2. The clock frequency of a design should be considered in the optimization process. Two technical issues are involved.
(1) How to accurately estimate the clock frequency without going through placement and routing? (2) How to modify the optimization process to incorporate the frequency estimates? Because the problem domain is limited to GTM, there is a chance to come out with rules of thumbs about frequency estimates.
3. Hardware sharing overhead needs to be considered in terms of (multiplexer) area and design clock frequency. In the current implementation, hardware sharing is always performed whenever possible, even when the shared hardware has less area cost than that of the added multiplexers. A potential solution is to check the area overhead and add a clock cycle time constraint. Since routing delays can be expected to be a problem for the time constraint, further study is needed.
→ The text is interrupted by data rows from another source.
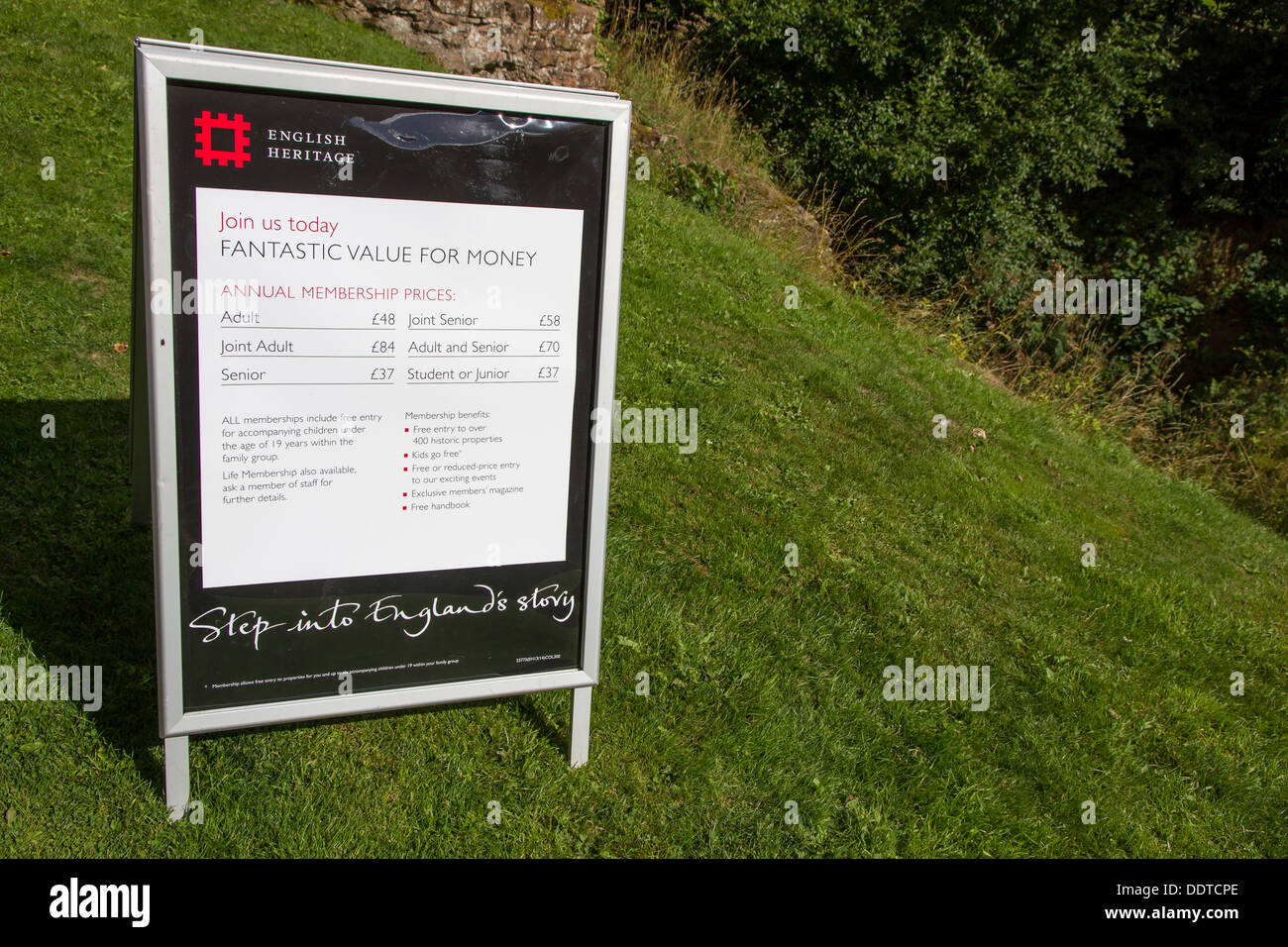 A-Board pavement sign advertising English Heritage Membres lors de l'entrée de l'une de leurs propriétés. Banque D'Images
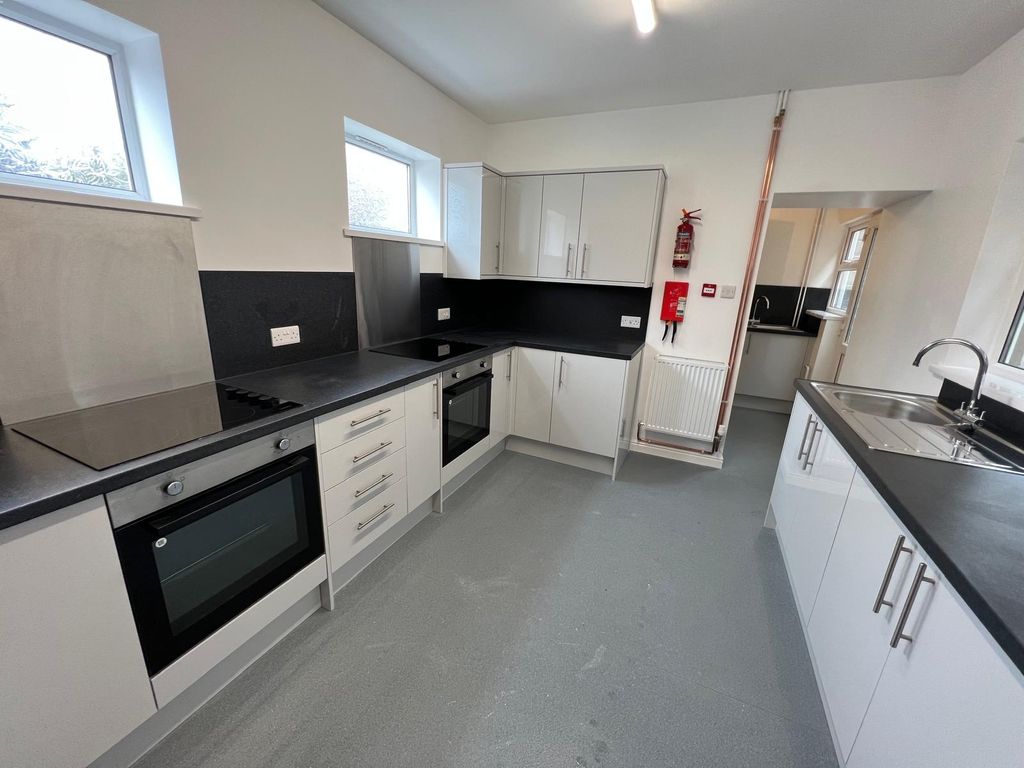 Property photo 3 of 17 Kitchen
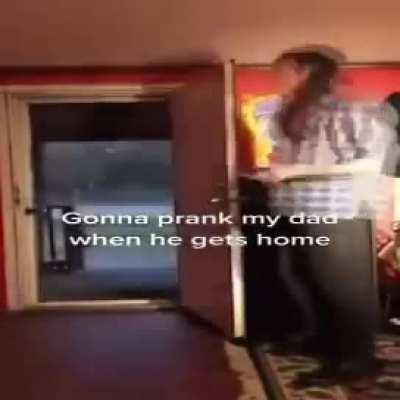 pranking dad!!! (epic prank)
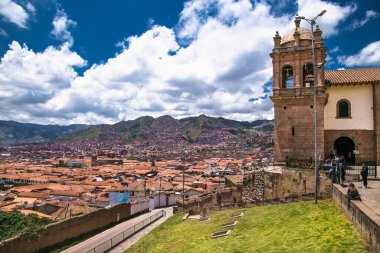 Cusco, Peru - 9 Ocak 2019 San Cristobal Kilisesi Cusco şehri panoramik manzaralı, Peru.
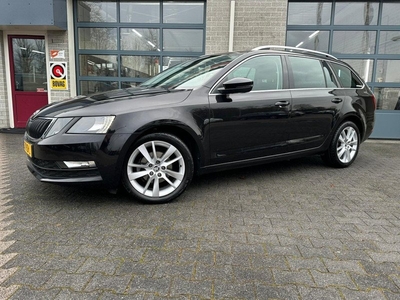 Skoda Octavia Combi 1.6 TDI Greentech Clever Edition | TREKHAAK | NAVI |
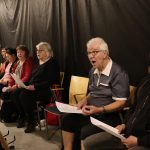 Kaija Isojämsä,Paula Havana, Riina Ojala, Maarit Rantakokko, Tiina Lund, Pirkko Torvinen, Pirjo Kaisamatti, Hannu Hämälä, Karri Halkola ja Jukka Kiuttu Musiikkiteatteri Musteriasta harjoittelemassa konsertissa nähtävän kabareen lauluja. Ryhmä osallistuu myös konsertin päätteeksi kuultavaan esitykseen.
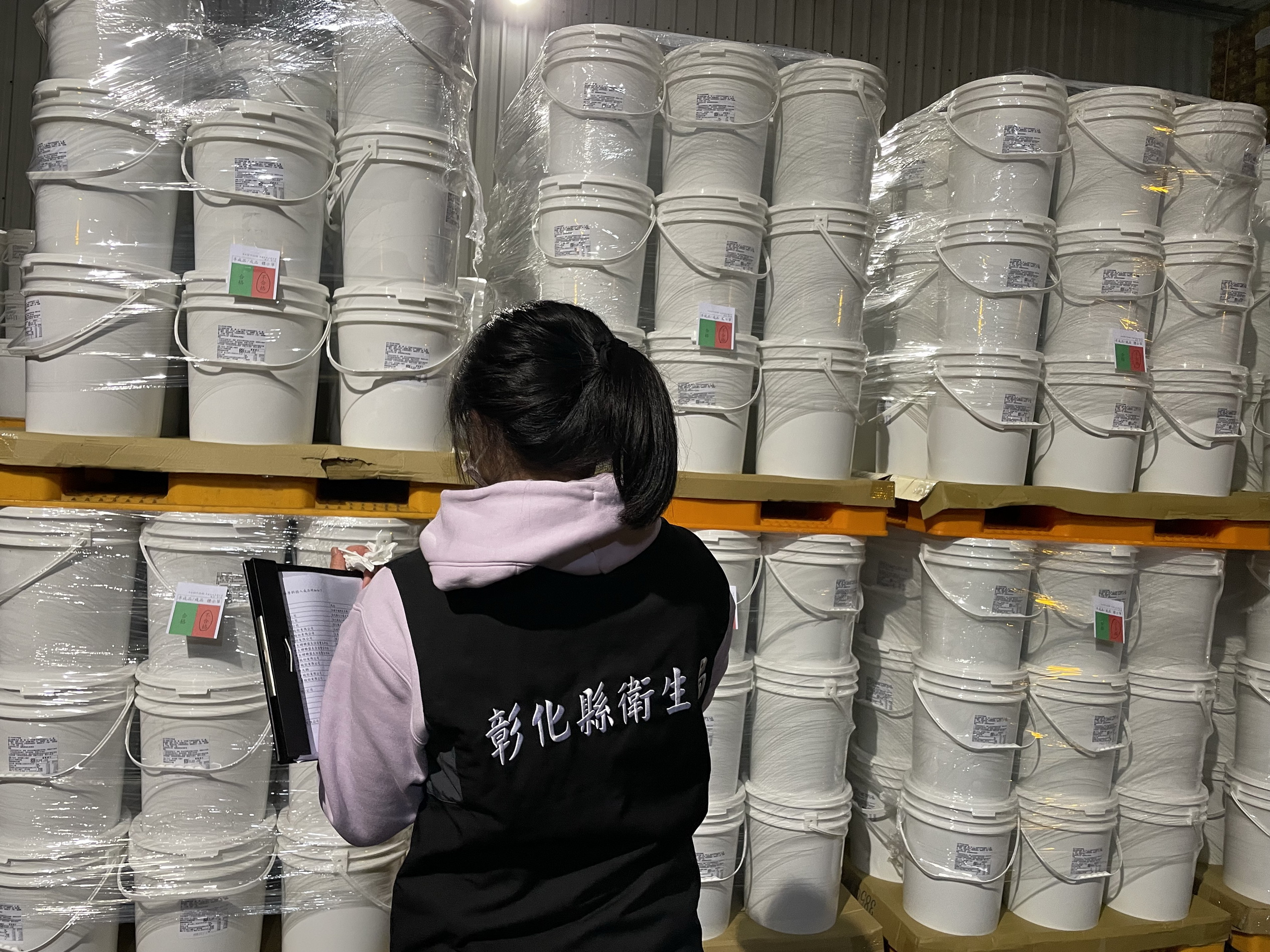▲食藥署追查致癌蘇丹紅的中國辣椒粉流向，維力食品、好品味公司也中鏢，彰化縣衛生局派員到相關廠商進行稽查。（彰化縣衛生局提供）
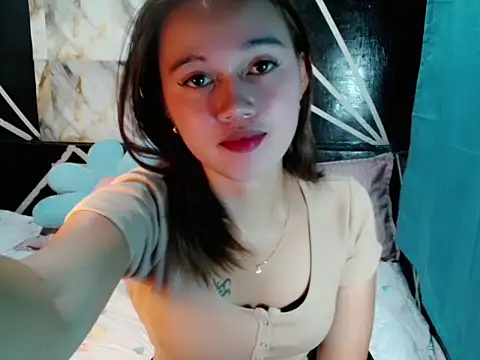 urgirl mikah online show from December 4, 5:17 am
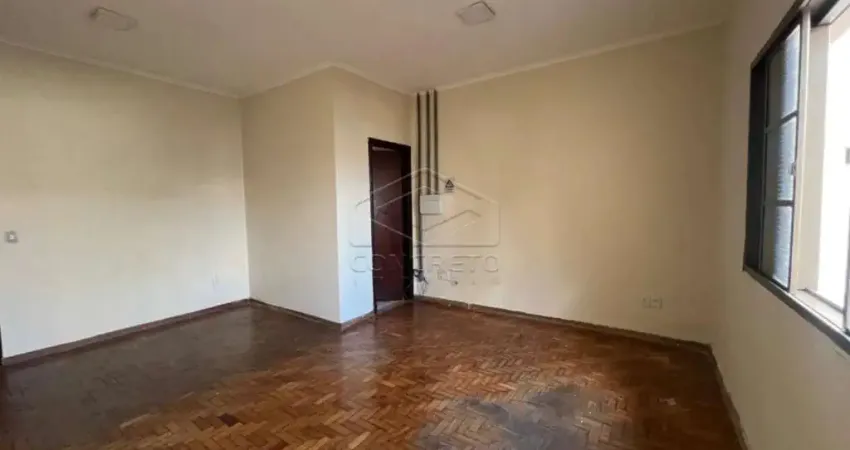Casa com 3 quartos para alugar no Centro, Lençóis Paulista 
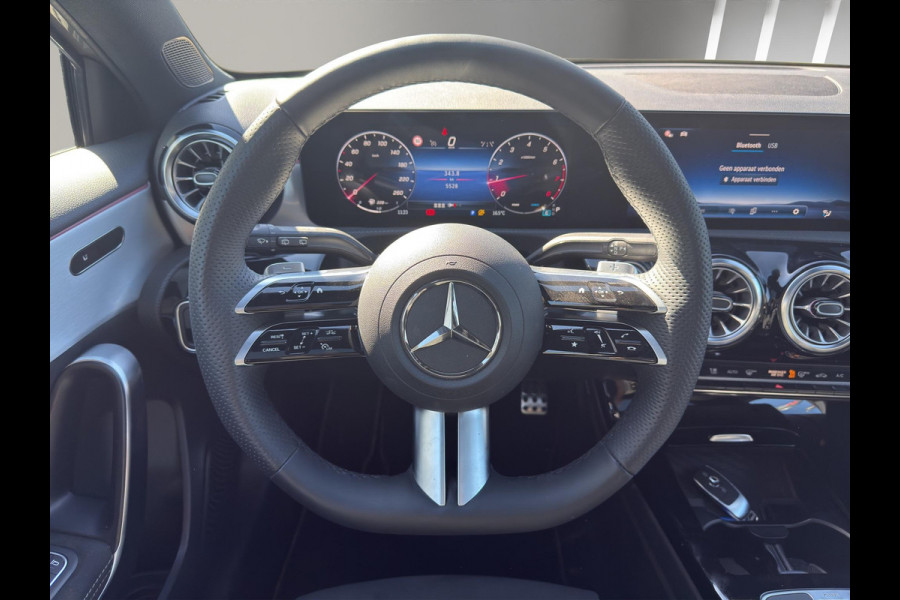 Mercedes-Benz A-Klasse 180 AMG Line | Pano | Sfeer | Stoelverw. | Camera | Trekhaak Electrisch |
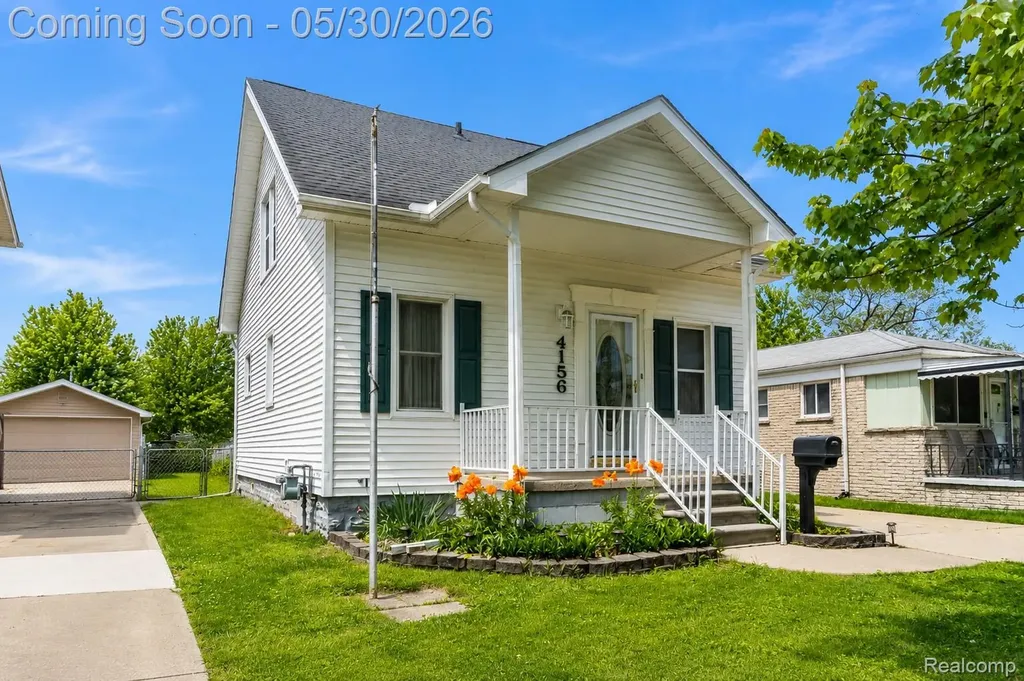4156 Burns Avenue Lincoln Park City MI 48146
4. The pipeline synthesis of the unit function currently is performed in a very limited way. It should be enhanced in the following aspects. First, the assumption that each operator in a dataflow graph has only one implementation should be removed. This will add another dimension to the design space and make the synthesis much more complicated. Second, the register sharing is not considered in the current synthesis algorithm. Third, the conventional compiler optimization techniques for a dataflow graph, such as constant folding, operator reduction, etc, are not considered. When the templates are fixed, the constant folding task is expected to be performed by the users through providing a simplified DFG.
There are many other limitations in the current implementation of the GTM mapping tool. For example, the window function is required to be template permutationinvariant. The template permutation is to change the ordering of pairs of the template weight and the image value at the same template locations. A window function is said to be template permutation-invariant if any template permutation does not change the value of the window function. In Example 1 in Section II a template permutation is to change the ordering of the nine pixels. Since it does not change the sum, the summation (the window function) is template permutationinvariant. This property comes into play when examining nonbuffering cases. In these cases, the pixel nodes are grouped and are ordered in each group. There is a need to compute the locations of image pixels at all active points when the memory controller read the image data. With the template permutationinvariant property the memory controller can read image pixels at all active points in any order as long as using the same order as the template weights. This limitation simplifies the implementation of the memory controller, and can be fixed without difficulty.